# Bicycle Swap Meet 9/11/16



## rev106 (Sep 4, 2016)

Hello bicycle people!

Once again I will be hosting a bicycle swapmeet.

When: Sunday September 11th 7am to 12 noon

Where: Atomic Cycles 17322 Saticoy Van Nuys, 91406

What: we get 1/2 of the parking lot. Be respectful of the other half and the alleyway. Spaces are one per person and are on a first come first serve basis.

We get ½ the parking lot. One spacer per person, you may have to unload and go park your car on the street. First come first serve. No set up or parking in the alley. Bring your shade/chair/change. Bring your stuff. Selling things for cheap makes them go away and money appear in your pocket otherwise there is ebay. Free the sell, free to shop from 7am till noon. Trade with your buddies, have fun watching the pair of mags you sold two swaps ago move from blanket to blanket.
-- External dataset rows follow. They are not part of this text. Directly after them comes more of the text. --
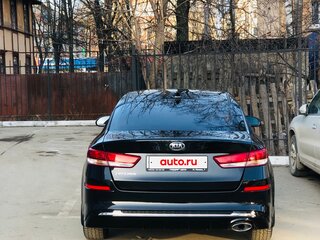 2019 Kia Optima IV Рестайлинг, чёрный, 1850000 рублей, вид 4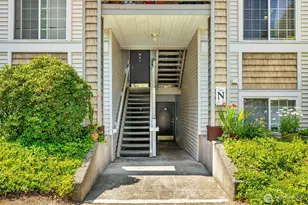 25235 SE Klahanie Blvd, Sammamish, WA 98029 - Photo 3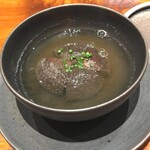 馳走西健一 - 藤枝市産 玉取茸のコンソメ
Make the swap the best you can!

Take this info and spread it to your friends, the more people that come, the more bikes, the more parts, the more deals right? So it is up to you to make it good, better, best as it can be. Please spread it around to all your pals, in the flesh or on the web. Feel free to take the flyer and send it along to all interested parties.


----------



## higgens (Sep 4, 2016)

I like swap meets!


----------



## rev106 (Sep 10, 2016)

Well come one down then...


----------



## OLD PSYCLE (Sep 29, 2016)

when is the next one?


----------